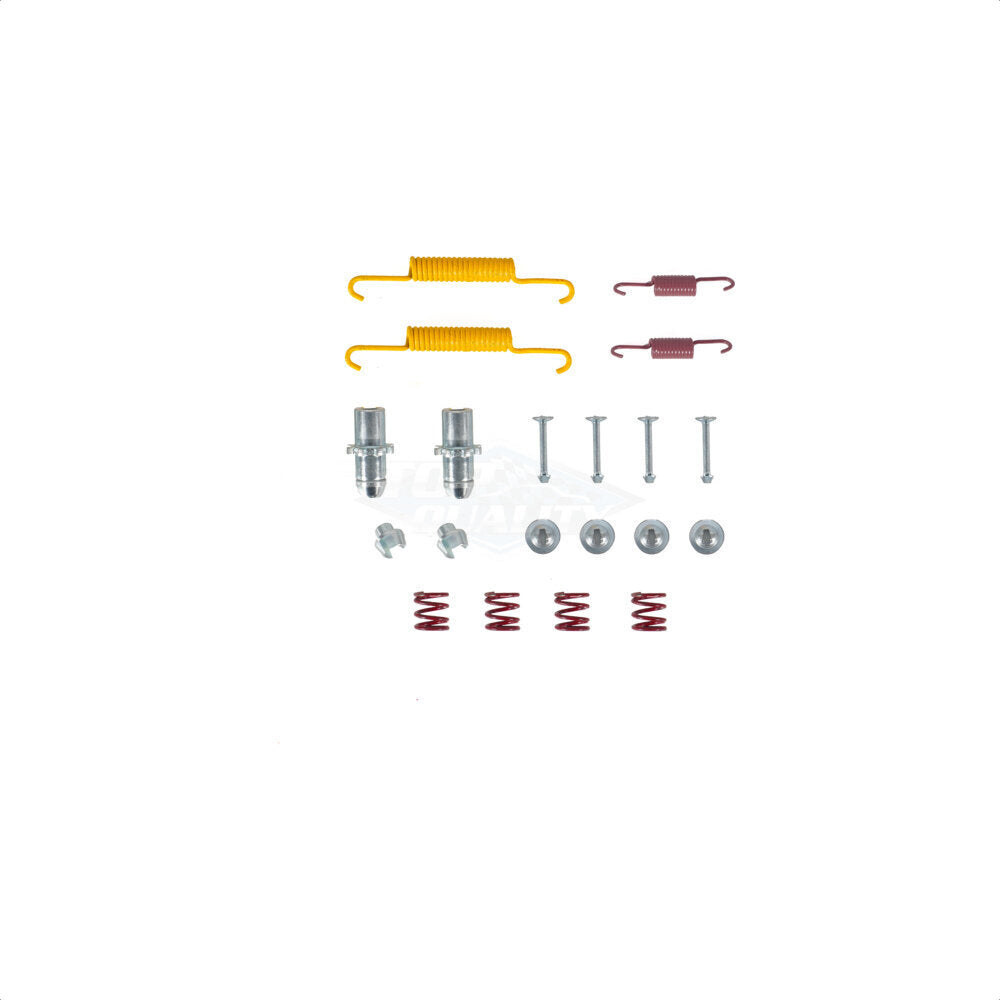 Parking Brake Hardware Kit 13-H7374 For 2012-2017 Chevrolet Equinox GMC Terrain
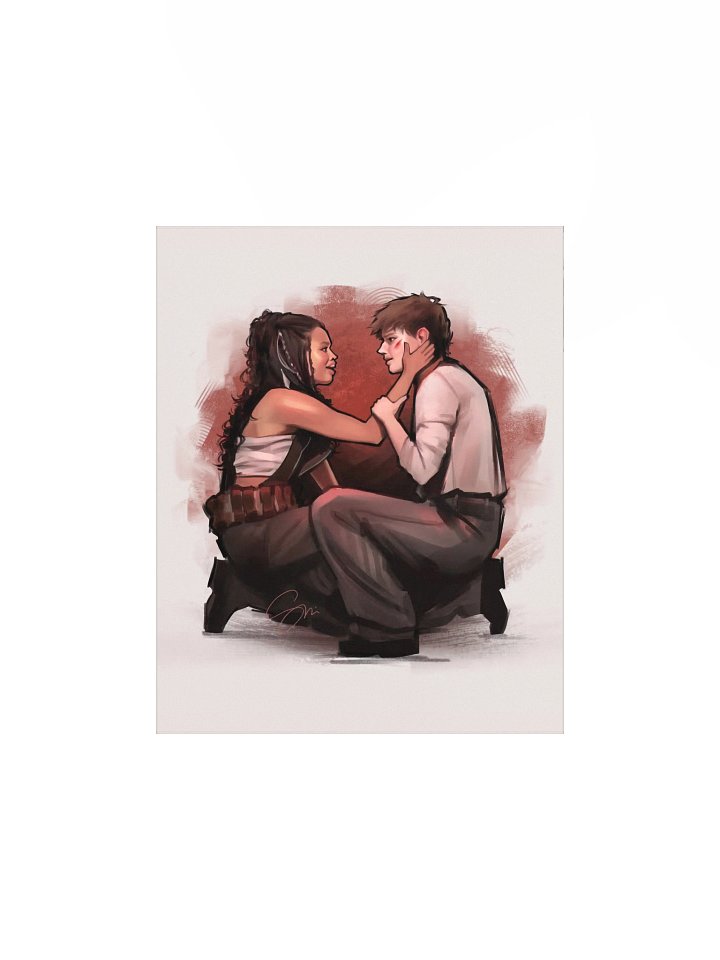 8" x 10" I Can Sing Us Home Again product image (1)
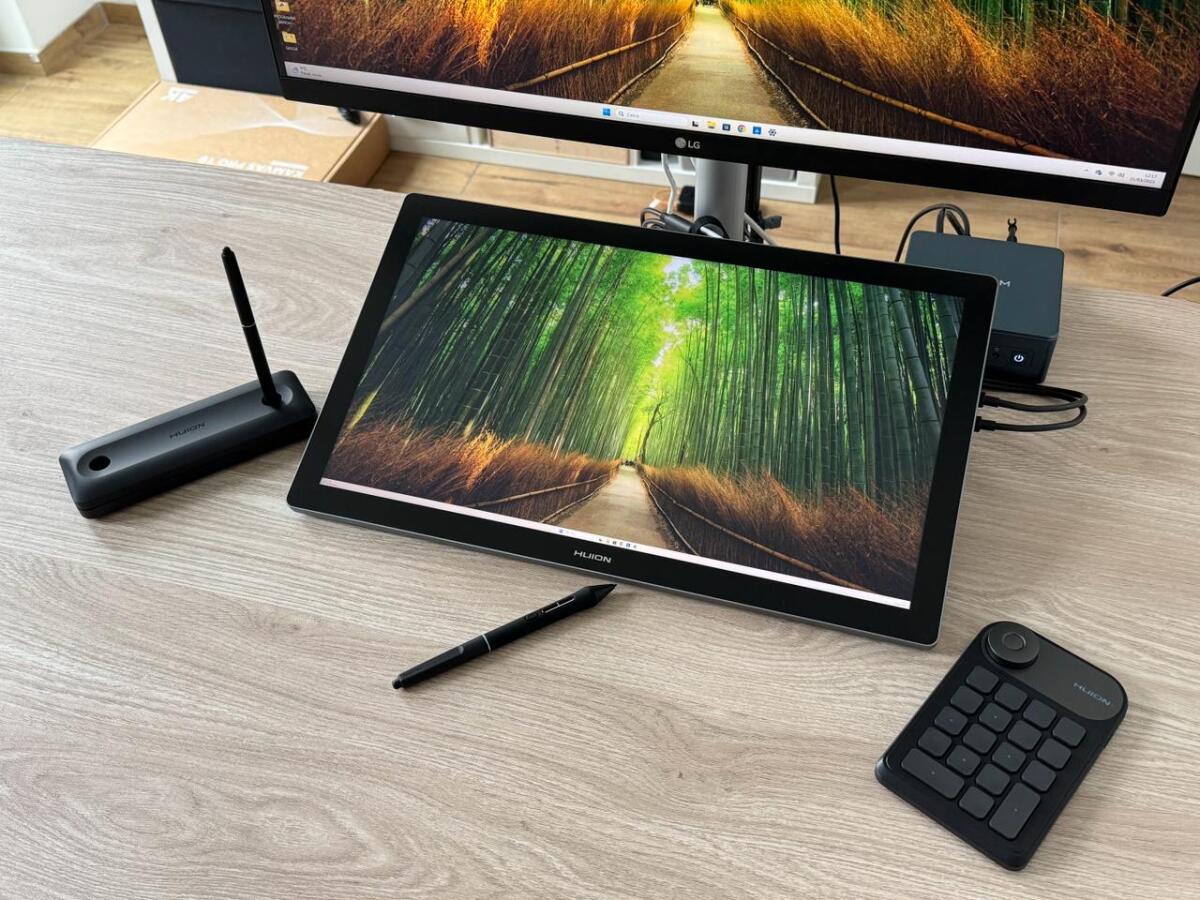 Recensione Huion Kamvas Pro 19 Tavoletta Grafica - ORA IN OFFERTA - 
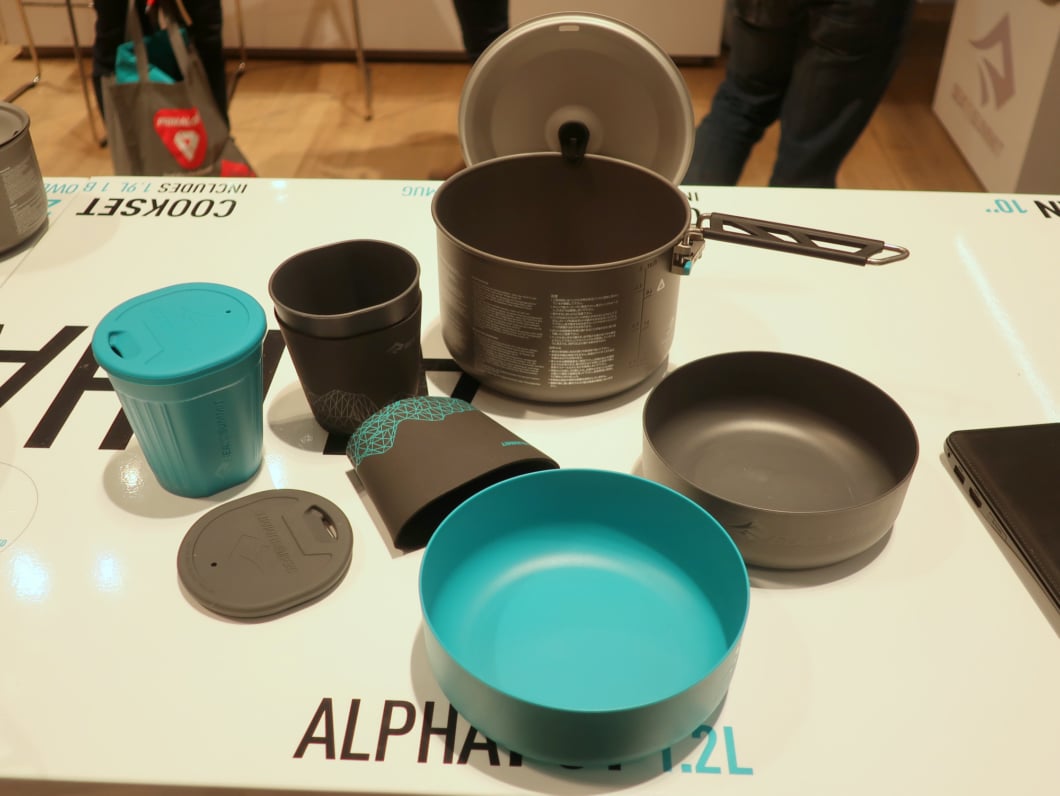 Preview Sea to Summit Alpha Series Cookware Remarkably thoughtful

-- -- --

All of the material must be repeated exactly in the answer, apart from the pictures.

 Parking Brake Hardware Kit 13-H7374 For 2012-2017 Chevrolet Equinox GMC Terrain
 8" x 10" I Can Sing Us Home Again product image (1)
 Recensione Huion Kamvas Pro 19 Tavoletta Grafica - ORA IN OFFERTA - 
 Preview Sea to Summit Alpha Series Cookware Remarkably thoughtful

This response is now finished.